BIOETICA: il caso di Cagliari: un passo verso l’eugenetica

Il tribunale di Cagliari infligge un primo colpo alla discussa ed ambigua legge 40 sulla procreazione assistita. I magistrati sardi hanno infatti detto sì alla diagnosi preimpianto, mettendo così in discussione uno dei punti-cardine della legge.





Il tribunale di Cagliari infligge un primo colpo alla discussa ed ambigua legge 40 sulla procreazione assistita. I magistrati sardi hanno infatti detto sì alla diagnosi preimpianto, mettendo così in discussione uno dei punti-cardine della legge.

La vicenda di Cagliari era partita dal ricorso di una donna che, due anni fa, aveva chiesto di poter eseguire la diagnosi preimpianto prima di procedere con le tecniche di fecondazione in vitro perché portatrice di talassemia, malattia molto diffusa in Sardegna. I medici avevano rifiutato come prescritto dalla legge e la donna aveva deciso di rivolgersi al tribunale che ora, dopo due anni, sottolinea come il diritto alla salute della madre ed il diritto ad essere informata garantiti dalla Costituzione prevalgono sul divieto di diagnosi prescrito dalla legge.

Ora dopo la decisione del giudice l’ospedale e il medico incaricato controlleranno lo stato dell’embrione, verificando se può essere colpito da talassemia. Solo nel caso in cui l’embrione sia sano il medico procederà all’impianto e alla gravidanza.

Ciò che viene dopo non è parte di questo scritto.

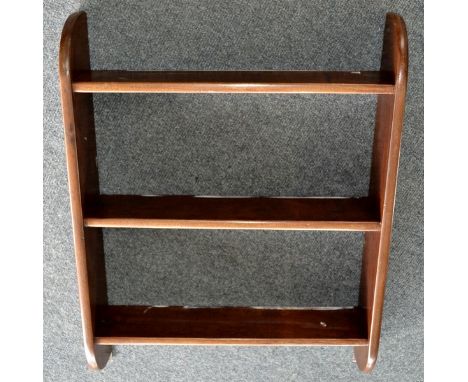 A mahogany wall shelf with three shelves. 75cm high x 65cm wide.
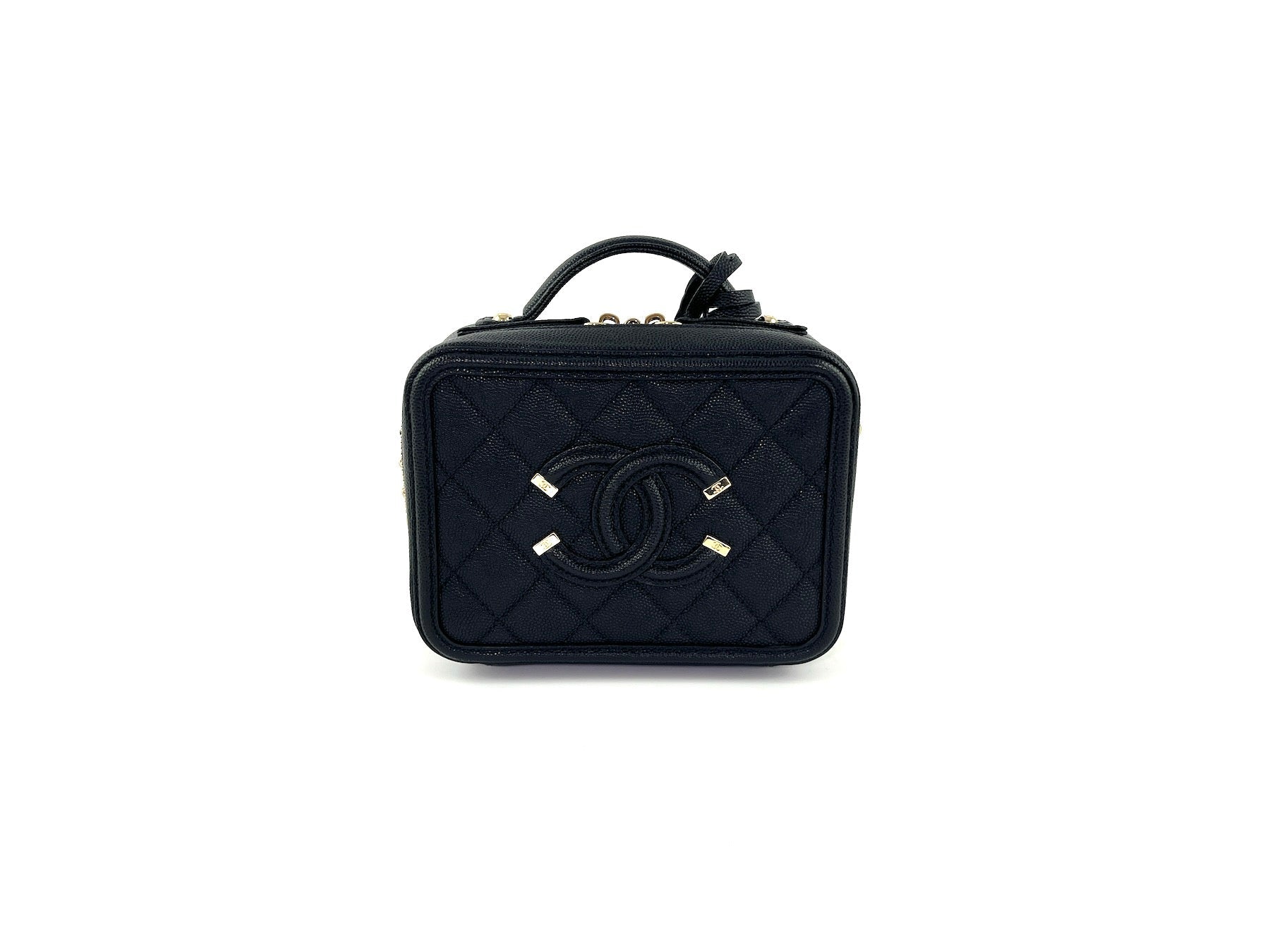 Chanel Filigree Small Black Caviar Cosmetic Crossbody Bag - Rovelle Bags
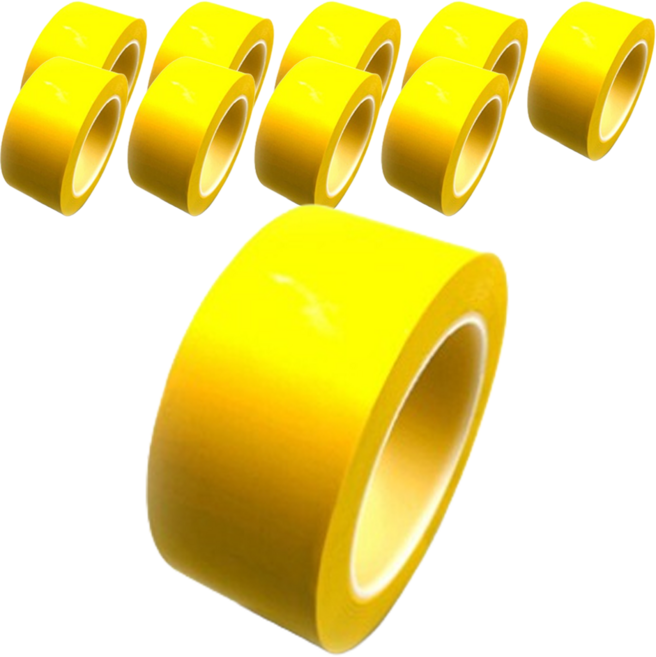 소유티앤이 주차 현장 구획 표시 PVC 바닥 라인 테이프 노랑 폭 50mm x 길이 30m, 10개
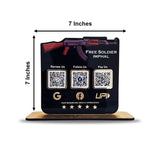 Gun Cutout Shaped 2QR Table Top Smart NFC Standee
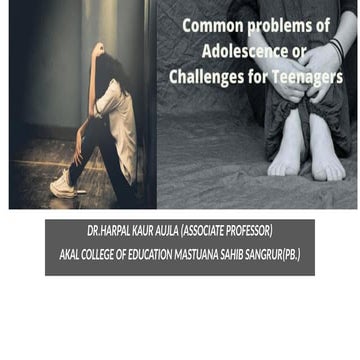 Common problems or challenges faced by Indian adolescents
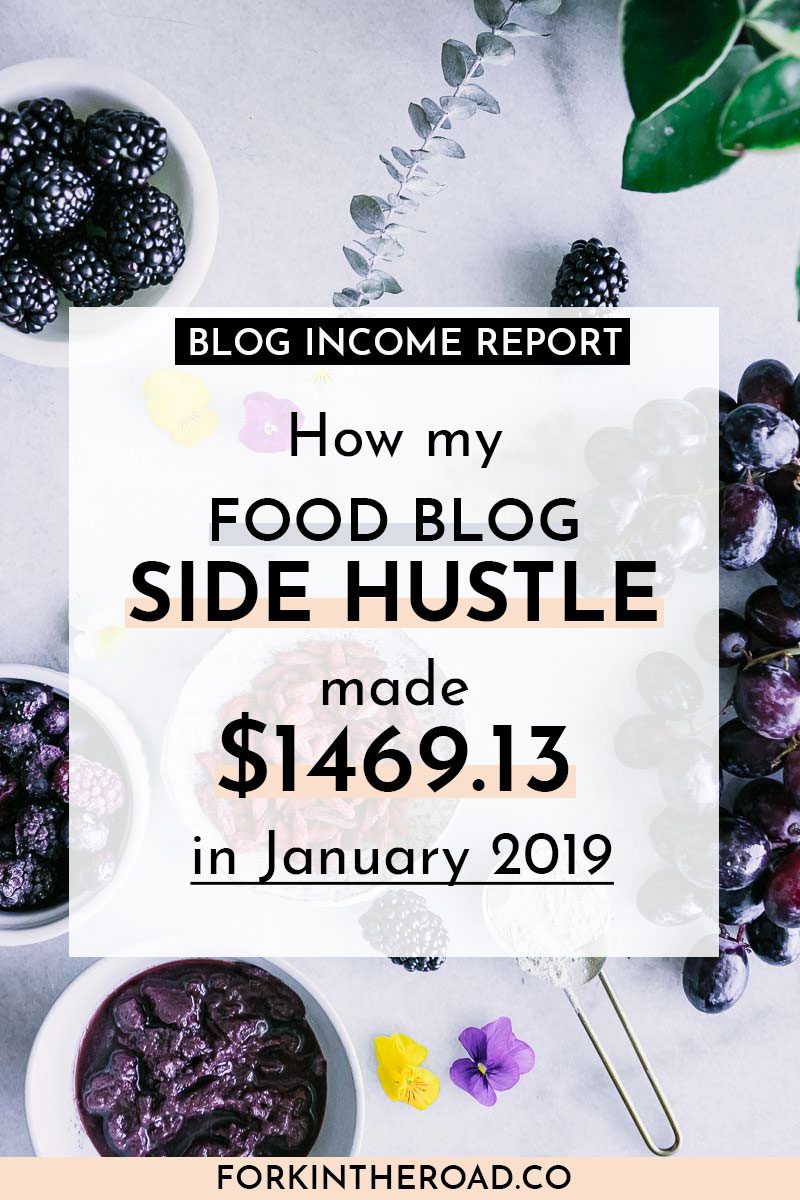 January 2019 Food Blog Side Hustle Income Report: $1469.13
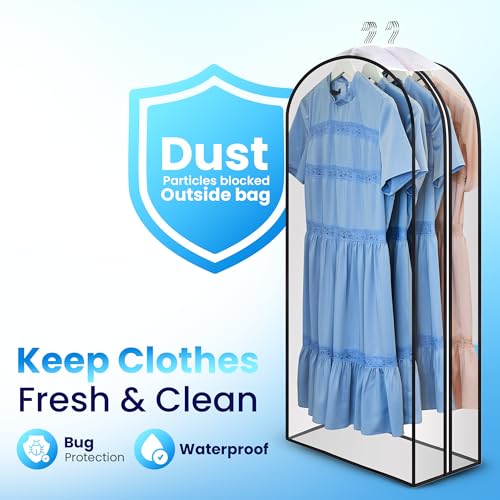 Handy Laundry Clear Garment Bags for Clothes Storage - 4-Pack Plastic Hanging Covers and Clothing Protectors, Long Dress Suit Jacket Closet Cover Dust Proof Garment Bag Set for Organized Wardrobe Storage (40") - Image 4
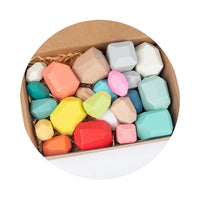 Load image into Gallery viewer, 30 Pcs Colorful Wooden Stacking Rock Toy Wholesale 4597430
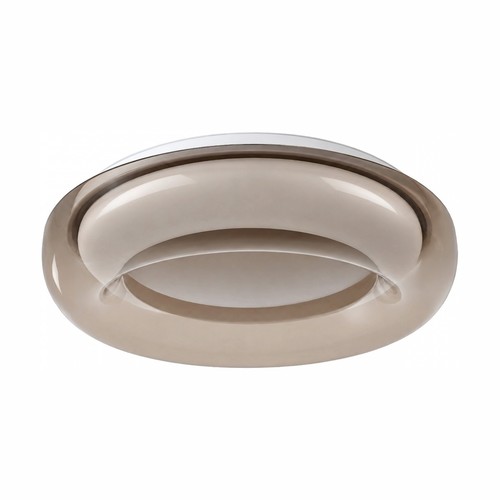 AURA taklampa m. fjärrkontroll - Rökfärgad glaskant hög, dimbar, Ø40cm, 24W, 3 ljusfärger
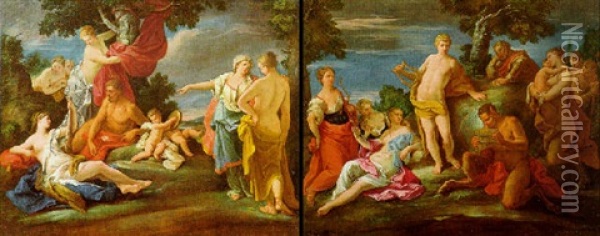 Ercole E Onfale Attorniati Dalle Ancelle Oil Painting - Pietro Antonio Novelli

La decisione dei giudici cagliaritani ha provocato forti reazioni, al punto che ora il dibattito si sposta sulla modifica della legge. Per Vittoria Franco, senatrice dell’Ulivo e Coordinatrice nazionale delle donne Ds, «si apre finalmente una finestra sulla legge 40, dopo la chiusura dell’ex ministro Sirchia». Per Filomena Gallo e il radicale Rocco Berardo, la sentenza di Cagliari è un provvedimento che «interpreta la legge sulla fecondazione assistita alla luce dei dettami costituzionali, nel rispetto delle norme vigenti e dei diritti dei soggetti coinvolti nelle tecniche di fecondazione assistita». Per la Vicepresidente dei Verdi, Luana Zanella, si tratta di «un’ottima notizia che apre finalmente il capitolo di questa norma ingiusta e punitiva».

Di tutt’altro tenore le prese di posizione del capogruppo dell’Udc alla Camera, Luca Volontè, che chiede al ministro della Giustizia «di verificare come le leggi vengano applicate dal tribunale del capoluogo sardo». Quanto alle senatrici teodem dell’Ulivo, Paola Binetti ed Emanuela Baio Dossi, ricordano che il 9 novembre del 2006 la Consulta aveva già dichiarato inammissibile la questione di legittimità costituzionale sollevata dal tribunale di Cagliari: «Una sentenza della Corte costituzionale non è qualcosa che si possa bypassare con facilità, anche se le malattie genetiche pongono inquietanti problemi alla scienza, alla bioetica e alla biopolitica».

Per Isabella Bertolini, Vicepresidente dei deputati di Forza Italia, infine, «è inaccettabile che in Italia la legge 40 sulla procreazione medicalmente assistita venga sistematicamente aggirata».
Secondo l’Associazione Scienza e Vita «la sentenza rappresenta un caso di eugenetica». Secondo l’Associazione, «non è vero che in qualche modo la legge 40 prevede la diagnosi genetica preimpianto sugli embrioni umani. È vero esattamente il contrario: la legge 40 vieta la diagnosi genetica preimpianto anche se non la menziona espressamente».

Quanto affermato dall’Associazione emerge in tutta evidenza da una lettura attenta della legge 40, da cui si evince «il principio di destinazione alla nascita di ogni embrione generato in provetta». La legge prevede infatti l’obbligo di trasferire immediatamente tutti gli embrioni generati e il divieto di qualsiasi selezione-soppressione a scopo eugenetico. «Nel caso di Cagliari – osserva Scienza & Vita – la finalità eugenetica appare evidente. Non si comprende quindi come il tribunale possa motivare una scelta contra legem».

Infine l’Associazione afferma che «la pretesa di superare il problema della legittimità costituzionale della legge 40 non ha fondamento alcuno. Anzi, tale pretesa è in sé incostituzionale, tenendo conto dei precedenti pronunciamenti della Consulta in materia di tutela della vita del concepito».